P.N Bakshi, J.:— Smt. Ram Kunwari had filed an application under Sec. 488, Cr. P.C claiming maintenance from her husband Het Ram who was in the service of the military department. The allegation was that since Het Ram joined the defence forces he began to dislike her ugly face and intended to remarry. The applicant did not give her consent. Differences arose as a result of which she was beaten, deprived of her ornaments and turned out of her house. She was living with her brother. Her husband had neglected and refused to maintain her. Hence she claimed Rs. 60/- per month as maintenance allowance.
2. Het Ram denied the allegations made by Smt. Ram Kunwari. According to his case he had always maintained her and was prepared to maintain her even now, if she lived in his house. According to the case of Het Ram, Ram Kunwari does not like his service in the military and as such she had left her house. Ram Kunwari examined herself, Munni Lal (P.W 2) her cousin and Sukhbasi Lal (P.W 3) and Siaram (P.W 4). Het Ram examined himself only. After going through the evidence on the record, the Magistrate passed an order directing Het Ram to pay Rs. 45/- p.m as maintenance allowance to his wife.
3. Aggrieved thereby, a revision was filed before the Sessions Judge, Etawah who has made the recommendation to this Court on 4-11-1972 for quashing the order of the S.D.M, Oraiya dated 15-7-1972 and for remanding the case for retrial in accordance with law.
4. I have heard learned counsel for the parties at great length. It is the admitted case of the parties that Het Ram is in military service. It is conceded that the entire evidence of the applicant Smt. Ram Kunwari was recorded in the absence of Het Ram. His attendance was never dispensed with. Het Ram was in military service and he could not get leave. He attended the court only for getting his statement recorded. In his absence, however, his counsel cross-examined the applicant and her witnesses. The contention on behalf of the revisionist is that in proceedings under Sec. 488, Cr. P.C sub-clause (6) all evidence in such proceedings must be taken in the presence of the husband. Failure to do so vitiates the entire proceedings. Sec. 488(6) runs as follws:—
“All evidence under this Chapter shall be taken in the presence of the husband or father as the case may be, or when his personal attendance is dispensed with, in the presence of his pleader and shall be recorded in the manner prescribed in the case of summons case.

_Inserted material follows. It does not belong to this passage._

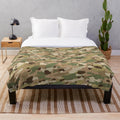 Plush camouflage blanket with military-style pattern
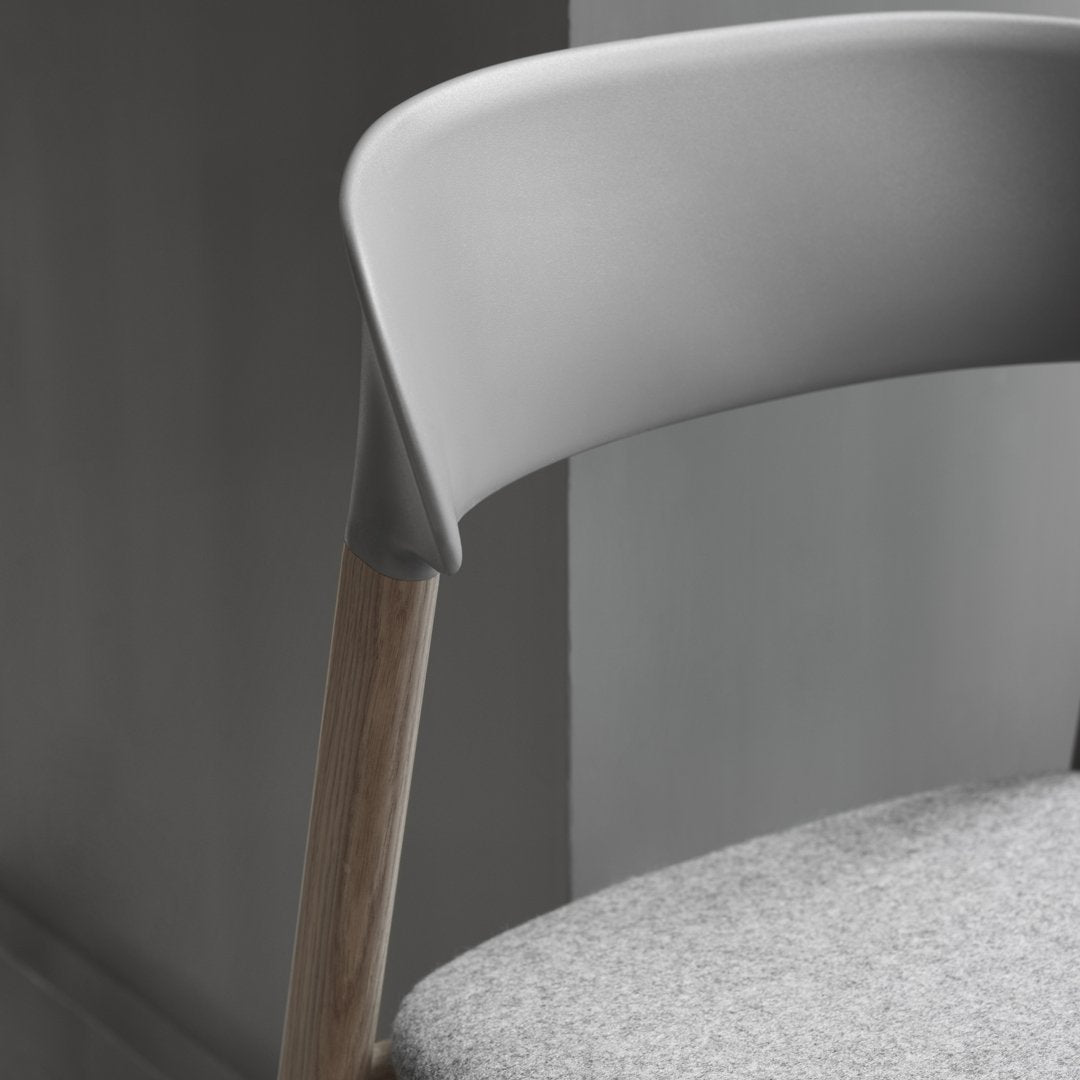 Gray chair with a smooth plastic back, wooden legs, and a textured gray fabric seat against a muted background.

Provided that if the Magistrate is satisfied that he is wilfully avoiding service, or wilfully neglects to attend the Court, the Magistrate may proceed to hear and determine the case exparte. Any order so made may be set aside for good cause shown on application made within three months from the date thereof.”
5. The question therefore, for determination is whether the use of the word ‘shall’ in Sub-sec. (6) of Sec. 488, Cr. P.C is mandatory or directory. No case of our High Court has been pointed out to me by counsel for the parties. Divergent views have been expressed by different courts at different times.
6. Suffice it to say that the view expressed by Mysore, Hyderabad and Sindh High Courts is that:—
“The provision prescribing the manner for recording the evidence during an inquiry u/s. 488(6) is mandatory and the contravention of the provisions by the Magistrate is not merely an error or irregularity which can be cured u/s. 537.”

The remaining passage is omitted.